The rings, known as volcanic vortex rings, appeared earlier this month after a small vent opened on the northwest border of the Southeast crater. The phenomenon occurs when enough pressure builds up so that magma inside the crater propels condensed gases, predominantly water vapor, through the vent.
In this case, the vent is perfectly circular, making for particularly perfect rings. “It is bellissimo,” said Simona Scollo, another volcanologist at the INGV Etna Observatory in Catania, using the Italian word for beautiful. Ms. Scollo copublished a study on the dynamics of volcanic vortex rings last year in the journal Scientific Reports.
But, she said, the activity does not mean that Mount Etna is going to erupt in a particularly spectacular way. “No, no, no,” she said.
During a telephone interview Tuesday, she said that the mechanism for the smoke rings was similar to how dolphins blow bubble rings. “They compress the water in their mouths, and using their tongue they push it out of their mouths and create such a pressure that it forms a ring,” she said.
Depending on weather conditions, the rings hang in the air anywhere from one to 10 minutes, according to the study. “If there is turbulence they fall apart more quickly,” she said.
Interviewed in The New York Times last year, Ms. Scollo said the study hoped to better understand how volcanoes functioned, “not only when they create a disaster for people or when they are very dangerous,” but in calmer times, too.

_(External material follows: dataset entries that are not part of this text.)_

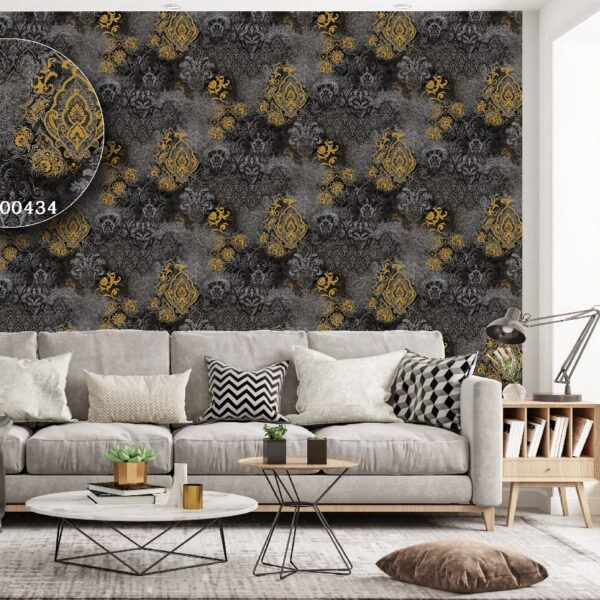 Silk premium Wallpaper For Wall Living Room PVC Coated Washable Wallpaper Bedroom Wallpaper Kacper Wallpaper Damask Grey Wallpaper PATTERN NO - SL000434
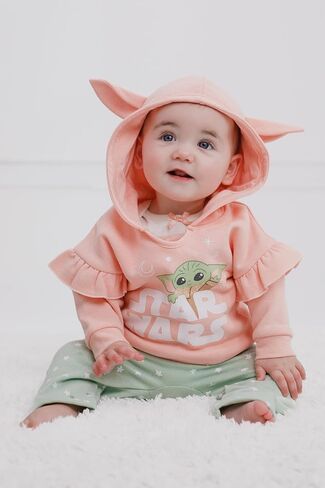 STAR WARS The Mandalorian The Child Baby Girls 3 Piece Outfit Set: Pullover Hoodie Cuddly Bodysuit Pants in Saudi Arabia
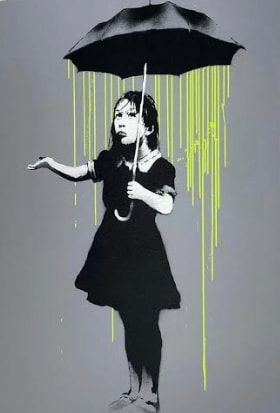 Banksy NOLA Umbrella Girl Green Rain, 2006 | Guy Hepner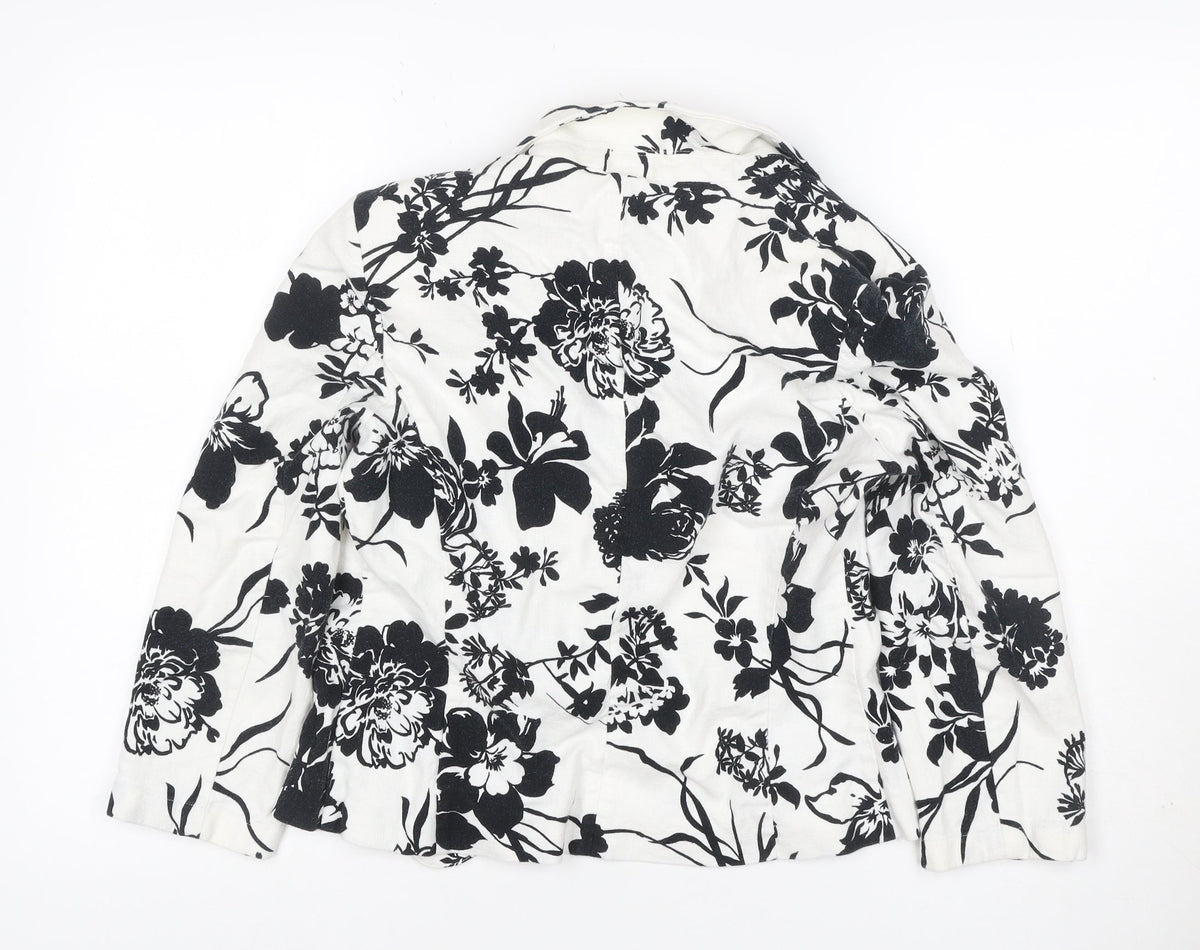 Marks & Spencer Women White Black Floral Linen Blend Blazer UK 10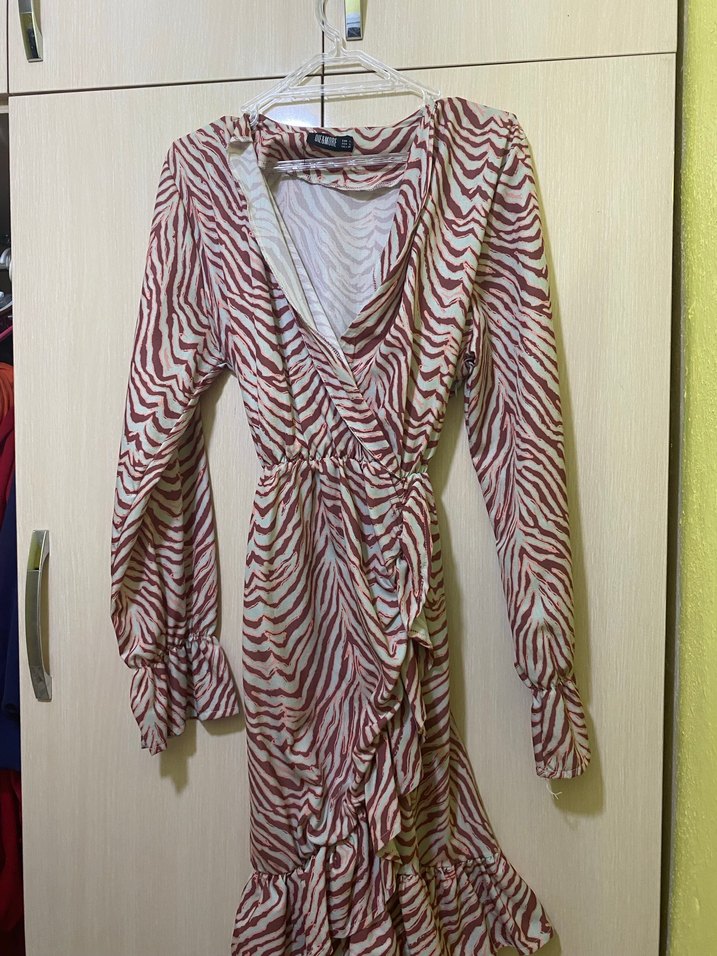 Bohem Zebra Desenli Uzun Kollu Kadın Elbise - Görsel 2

The new vent in the volcano has been spewing hundreds of rings, but another opening on the volcano has also been spewing rings, albeit more spaced out, since last year.
The phenomenon was first recorded on Etna in 1724, followed by periodic sightings, most recently last year, and quite spectacularly in 2000.

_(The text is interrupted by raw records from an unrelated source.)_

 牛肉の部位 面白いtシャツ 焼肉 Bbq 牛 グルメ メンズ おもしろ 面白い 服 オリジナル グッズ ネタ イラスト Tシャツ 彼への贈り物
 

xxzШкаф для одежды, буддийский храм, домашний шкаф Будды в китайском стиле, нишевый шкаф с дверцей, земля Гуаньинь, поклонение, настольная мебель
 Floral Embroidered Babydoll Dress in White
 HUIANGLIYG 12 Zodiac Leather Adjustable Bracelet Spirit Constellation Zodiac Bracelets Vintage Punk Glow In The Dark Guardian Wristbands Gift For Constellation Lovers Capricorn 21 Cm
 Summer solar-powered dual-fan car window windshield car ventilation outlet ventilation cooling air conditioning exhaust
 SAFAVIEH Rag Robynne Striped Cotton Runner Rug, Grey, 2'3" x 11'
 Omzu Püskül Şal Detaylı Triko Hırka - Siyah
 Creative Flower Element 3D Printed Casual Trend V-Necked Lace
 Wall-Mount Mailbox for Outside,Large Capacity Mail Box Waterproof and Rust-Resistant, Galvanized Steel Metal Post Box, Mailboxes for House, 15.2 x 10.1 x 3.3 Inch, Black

According to the description for its 2013 inscription as a UNESCO World Heritage site, Mount Etna is “the highest Mediterranean island mountain and the most active stratovolcano in the world.”

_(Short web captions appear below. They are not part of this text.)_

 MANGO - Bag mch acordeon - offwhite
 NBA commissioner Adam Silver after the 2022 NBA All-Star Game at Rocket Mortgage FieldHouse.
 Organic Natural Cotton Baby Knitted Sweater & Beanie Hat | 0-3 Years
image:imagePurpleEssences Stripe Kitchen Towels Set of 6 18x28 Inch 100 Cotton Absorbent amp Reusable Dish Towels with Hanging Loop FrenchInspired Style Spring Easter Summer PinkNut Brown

“No volcano on earth produces as many volcanic vortex rings as Etna, we knew this for some time,” noted Mr. Behncke.
Mount Etna isn’t the only volcano where the phenomenon has been registered. Volcanic vortex rings have been puffed by a number of volcanoes worldwide, from Momotombo in Nicaragua to ash-spewing plane stopper Eyjafjallajökul in Iceland, to Mount Redoubt in Alaska to another active Italian volcano, Stromboli.
Ms. Scollo said that the activity from the new vent was slowing down. And it could end altogether.
“It can stop because the properties of the conduit that allowed for the formation of these volcanic vortex rings can change, maybe with obstructions,” she said. Or the amount of gas within the conduit could decrease, she added.